No Man's Sky could be facing another legal battle - this time over the algorithm used in the game's procedural generation system.
No Man's Sky is getting closer to launching, but if an article in Dutch newspaper De Telegraaf is accurate, it may be facing another legal problem. The article was translated by a NeoGAF user, and concerns the procedural generation system used in the game.
Apparently the game uses something called the "Superformula," a mathmatical algorithm that was invented and patented by Johan Gielis, the Chief Research Officer of a company called Genicap. During an interview with Business Insider, Hello Games co-founder Sean Murray described the game's procedural generation system, and confirmed that the game uses the so-called "Superformula."

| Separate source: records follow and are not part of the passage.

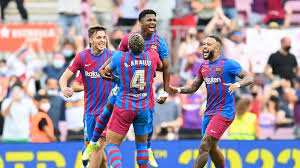 激烈的市场 激烈的市场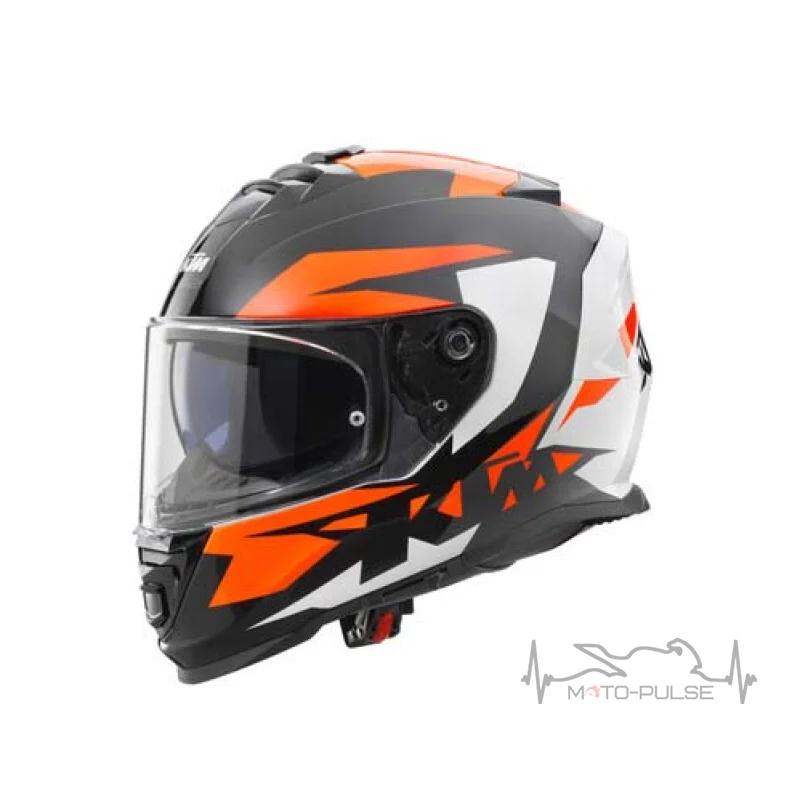 Мотошолом KTM STORM by LS2 (XL) 3PW240008105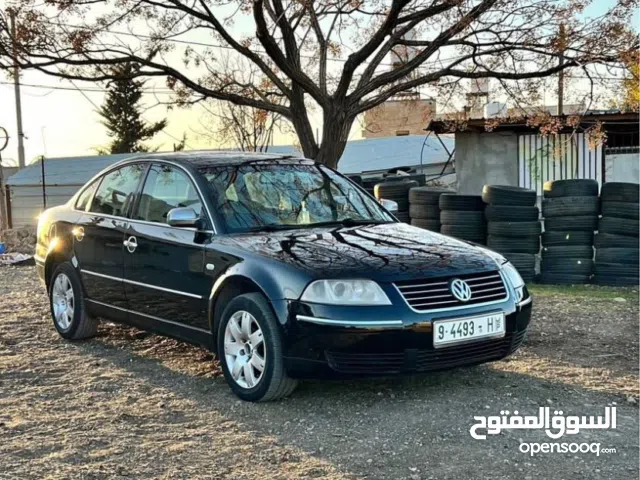 باسات موديل 2002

The interview says, "When Murray and the rest of the team plugged the Superformula into the game, it worked. Things that didn't have natural variety all of a sudden took on varied but still possible shapes. It was what they needed, or at least a major part of it."
While there's no confirmation that the final game uses the "Superformula," or that the convoluted maze that is patent law would even apply, the De Telegraaf quotes an attorney who felt that it could be a problem.
Genicap spokesperson Jeroen Sparrow told the newspaper that "We don't want to stop the launch, but if the formula is used we'll need to have a talk." He also said that the company had not received a response to their attempts to contact Hello Games, and neither Sony nor Hello Games has spoken on the matter. However, it may be that rather than a court battle, Genicap will seek a dialogue and advice, as Sparrow said that his company is working on its own game and "it would be great if we could trade knowledge with Hello Games."
This could spell trouble for Hello Games, or it could be nothing more than background noise from a patent troll. We'll have to wait and see how it shakes out. Assuming no delays come from it, No Man's Sky is set to launch August 9 on PC and PS4.